At 16.6 x 27.9 x 4.4 inches and 12 pounds without its stand, the Canvas 32Q Curved is quite compact despite its 31.5-inch diagonal screen space. The 1500R curvature of the panel (the ‘R’ stands for ‘radius’) means that a ring of these monitors would form a circle with a radius of around 1500mm. The curvature makes the screen appear larger, reducing glare while providing deeper perceived blacks. It’s a less steep curve than a 1000R monitor, but it looks great, especially for the size.

What the NZXT lacks in high resolution, it makes up for in performance, with a fast 165Hz refresh rate for fans of fast shooters who value extra frames over fine graphical fidelity. The Canvas features a VA panel, a technology known for delivering deeper blacks and improved highlights and shadow detail at the expense of color accuracy, all of which we’ll look at in our tests below.


NZXT Canvas 32Q Curved review: A budget brawler

The 32-inch size is ideal for many gaming monitors, curved or not, but looks can’t be the only deciding factor in your search for the perfect screen. That’s why we test every screen through a standard glove of benchmarks, using a Datacolor SpyderX Elite(Opens in a new window) calibration sensor and software to compare screens of similar size and resolution. We leave monitors at their factory settings unless otherwise specified.

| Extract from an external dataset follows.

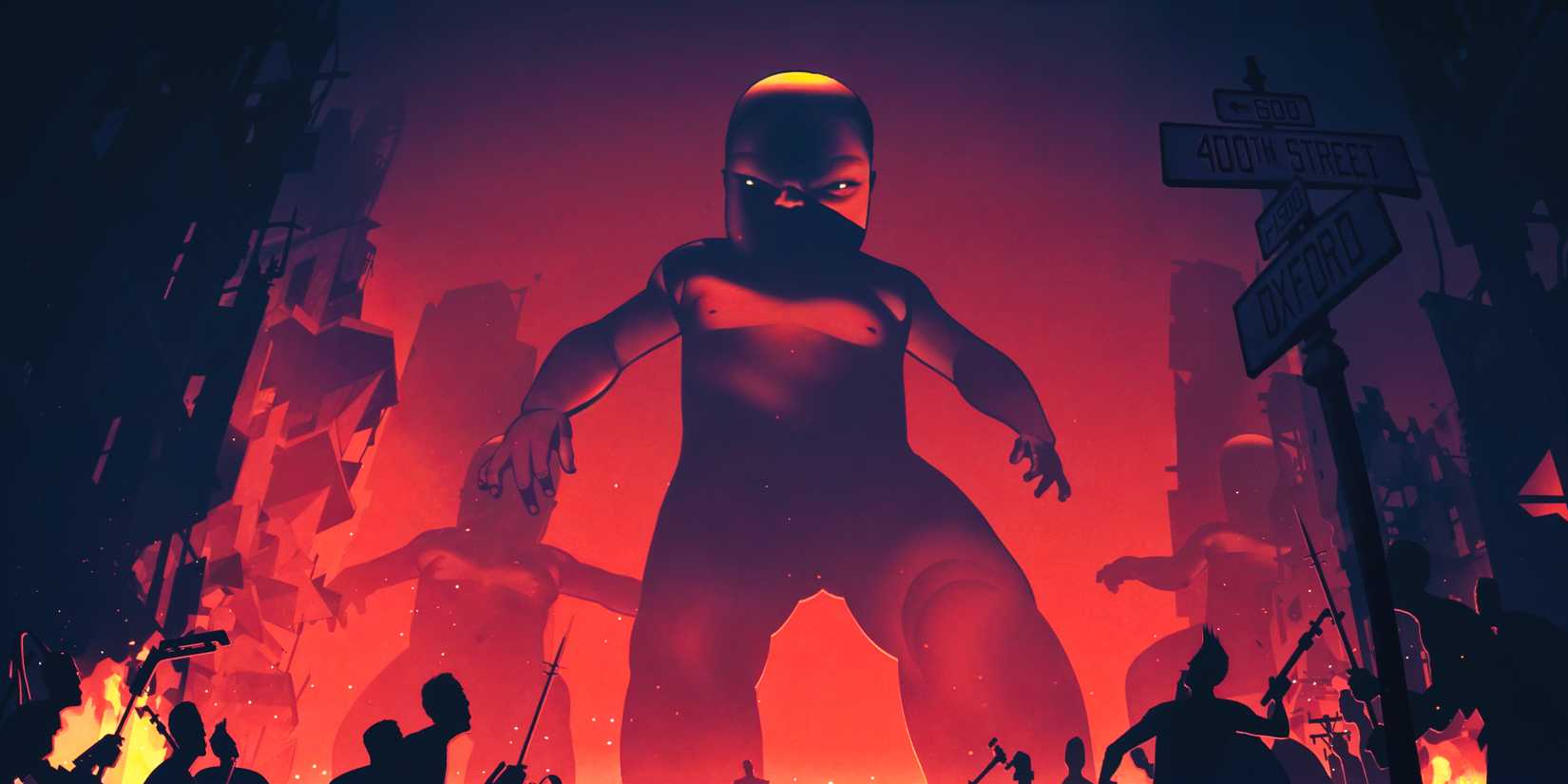 Giant Babies attacking the city in Love, Death & Robots Season 4 Ep 4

First, we test the monitor in its default picture mode with an SDR signal. The Canvas achieved a brightness of 348 nits with a black level of 0.14, resulting in a contrast ratio of 2,520:1, well above the 1,000:1 promised by its specs. A higher contrast ratio means deeper blacks and luminescent whites.

NZXT Canvas 32Q Curved Color Gamut

(Credit: PCMag)

Running the same test again in HDR mode, we saw a dramatic drop in brightness – just 176 nits recorded. The monitor uses HDR10 which on paper should deliver 1,000 nits of peak brightness, but it doesn’t, at least not out of the box. Further calibration will be required and the NZXT lacks robust picture adjustment options.

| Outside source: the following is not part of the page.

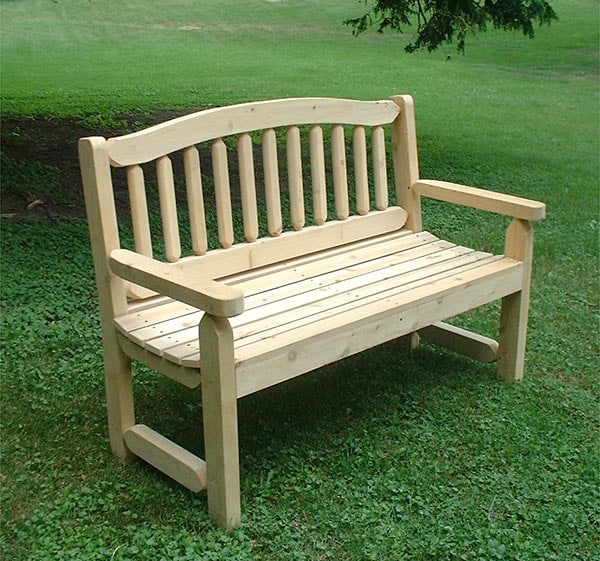 Adirondack Cedar Park and Garden Wooden Bench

Our next test measures a monitor’s color coverage. The Canvas 32Q Curved covered 100% of the sRGB color gamut, 83% of Adobe RGB and 89% of DCI-P3 – great results for a curved screen in this price range, although a bit below the Cooler Master GM34, the Corsair Xeneon 32QHD165 and the Gigabyte M27QX.

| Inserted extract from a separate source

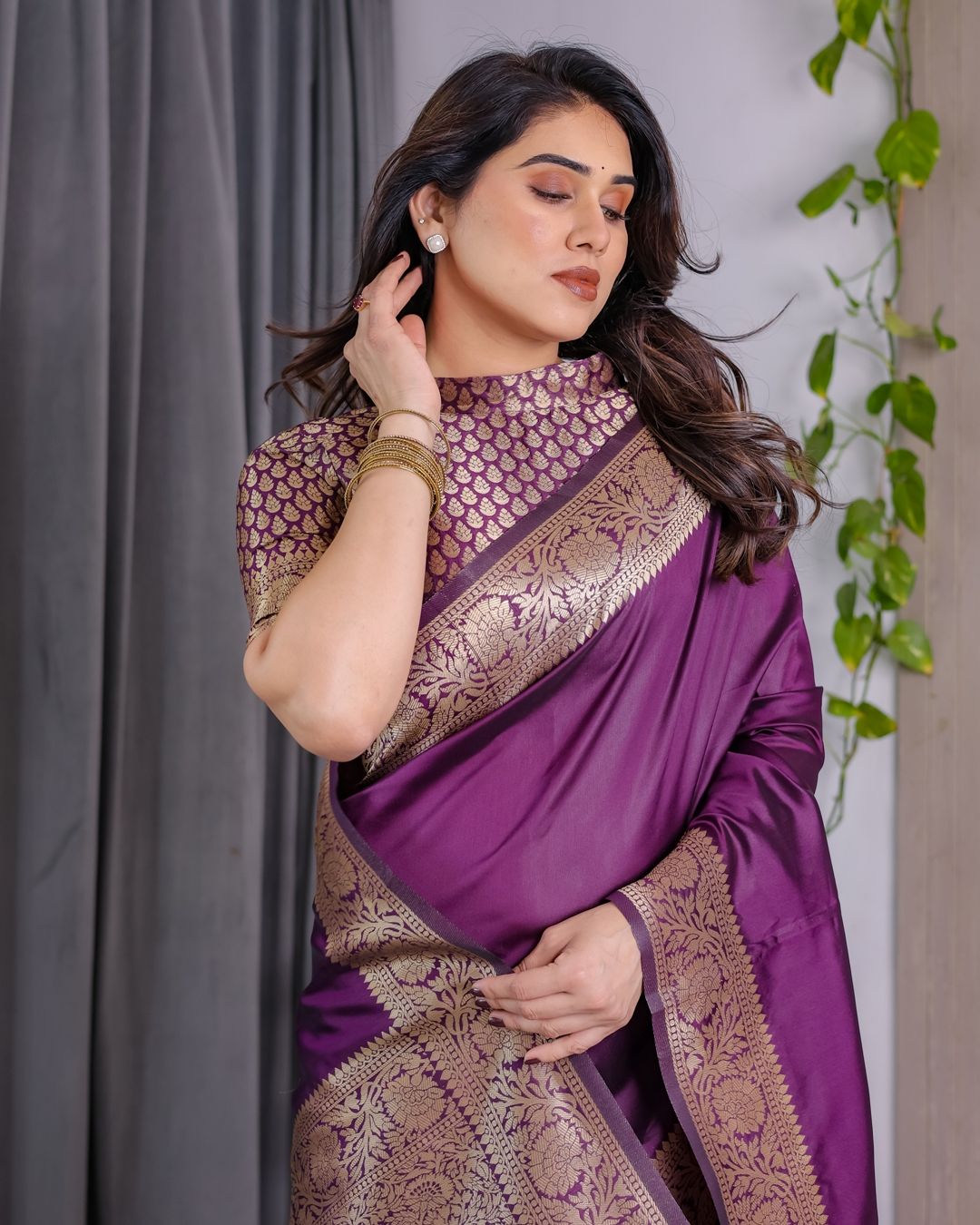 Royal Purple Banarasi Soft Silk Saree With Floral Zari Work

NZXT Canvas 32Q Curved Color Accuracy

(Credit: PCMag)

Our color accuracy test played a different tune, unfortunately sounding worse. The NZXT recorded a disappointing uncalibrated Delta E reading of 2.39, possibly due to its VA panel. Higher Delta E numbers mean that common colors tend to stray from their purest forms; content creators are looking for a value less than 1 and most consumer monitor buyers are looking for a value less than 2. Will gamers notice? Maybe not, but if you plan to use this display for creative applications as well as games, just know that you’ll have your work cut out to optimize your settings.

Gaming performance

Gamers are as interested in brightness and color results as anyone else, but the benchmark they’re most interested in is input lag. Using our HDFury Diva, we measured the NZXT’s lag to sub 1 millisecond – gaming gold, especially for players of high frame rate titles.

At 165Hz, the Canvas is a worthy contender. The display supports FreeSync Premium and is G-Sync compatible, added bonuses for gaming at frame rates above 60fps with a compatible graphics card. Fast-paced titles like Rainbow Six Siege looked excellent, with no ghosting to speak of. A few Counter-Strike and Hitman games were also smooth and stable.


NZXT Up: A new contender for gaming monitors

NZXT’s first monitor is very successful. Although the Canvas 32Q Curved’s color accuracy and HDR implementation are disappointing, it strikes a good balance between performance, visual clarity and low cost and looks good to boot. If you’re looking for a budget gaming monitor with a subtle curve and high 1440p refresh rate, this is definitely worth a look.

The essential

NZXT’s first foray into monitors is a success, as the Canvas 32Q Curved impresses with its sleek design and low input lag.